• Your goal: Print verbatim the lines from the beginning of the entries through the line containing "Силиконовый чехол на", both ends included. Pictures should be left out.
== Records ==
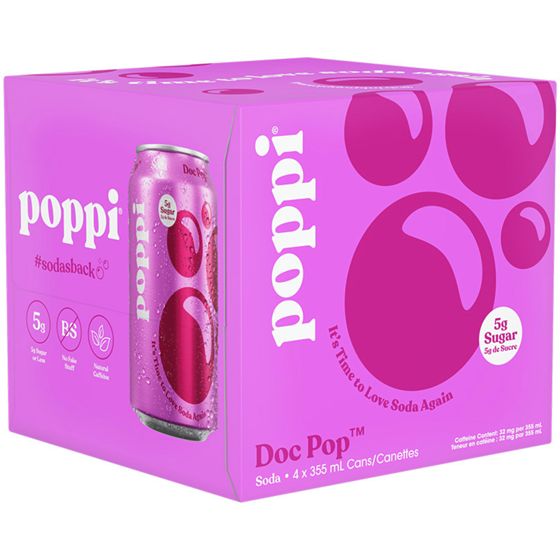 Poppi Doc Pop Soda 4x355.0 ml, $0.88/100ml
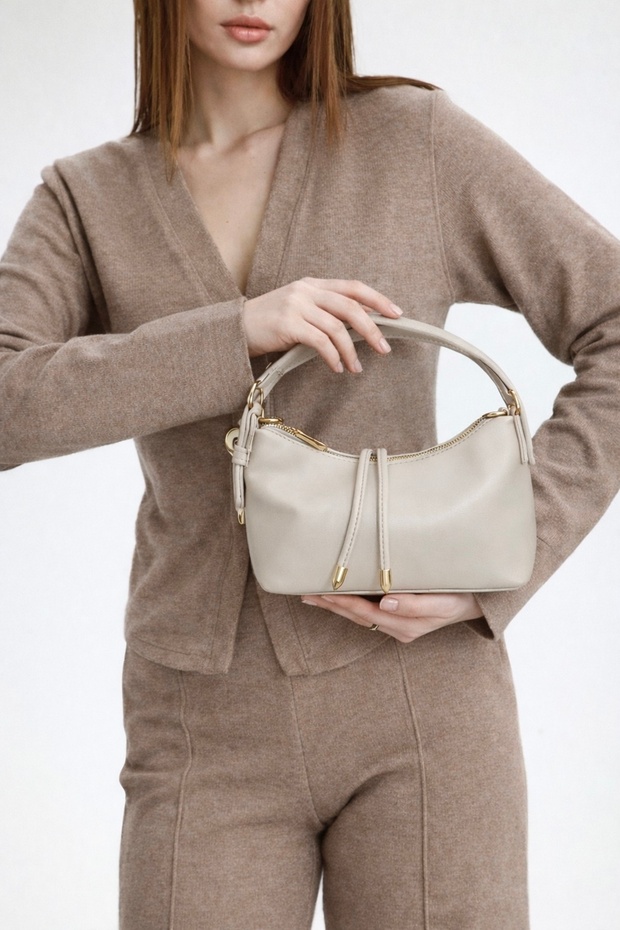 Women's Mini Aura Hand and Shoulder Bag Cream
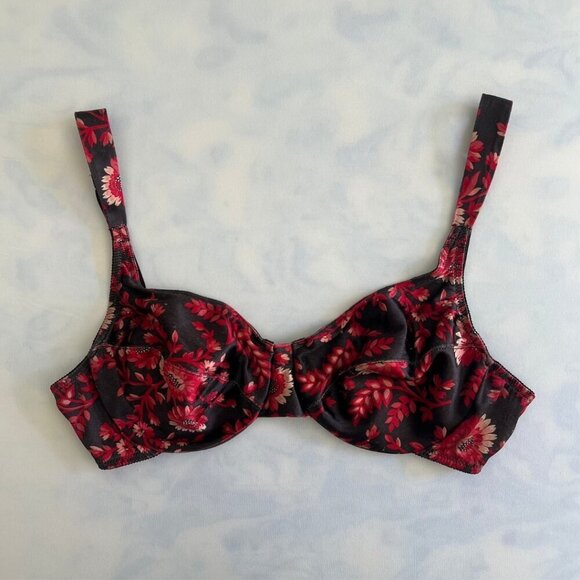 Other - Brown & Red Floral Silky Comfort Bra 34B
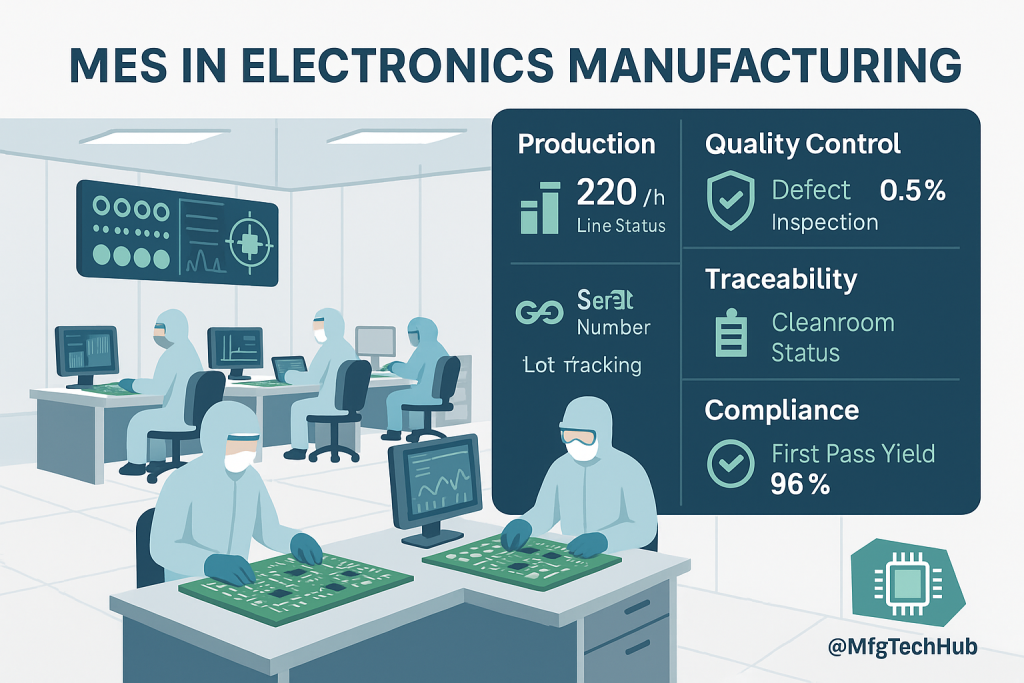 MES Applications: Automotive, Aerospace, Electronics 3 Infographic showing MES in electronics manufacturing, with cleanroom assembly of circuit boards and dashboards for production and compliance metrics.
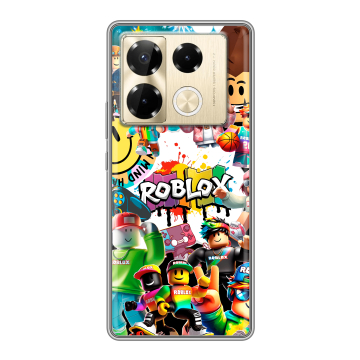 Силиконовый чехол на Infinix Note 40 Pro 5G с принтом Roblox Роблокс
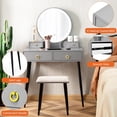 thumbnail image 4 of Giantex Ensemble de Coiffeuse avec Miroir Éclairé à 3 Couleurs à Intensité Réglable, Table de Maquillage pour Femmes et Filles, Gris, 4 of 8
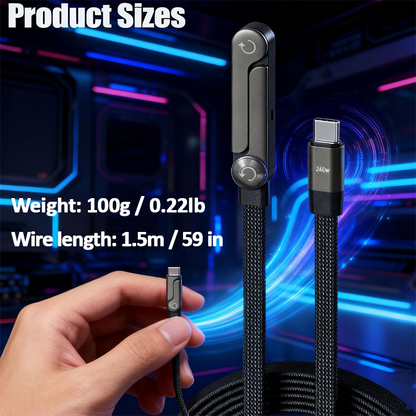 ViannoCraft™ VoltFlex 240W Foldable Phone Stand Cable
===
• Answer box:
 Poppi Doc Pop Soda 4x355.0 ml, $0.88/100ml
 Women's Mini Aura Hand and Shoulder Bag Cream
 Other - Brown & Red Floral Silky Comfort Bra 34B
 MES Applications: Automotive, Aerospace, Electronics 3 Infographic showing MES in electronics manufacturing, with cleanroom assembly of circuit boards and dashboards for production and compliance metrics.
 Силиконовый чехол на Infinix Note 40 Pro 5G с принтом Roblox Роблокс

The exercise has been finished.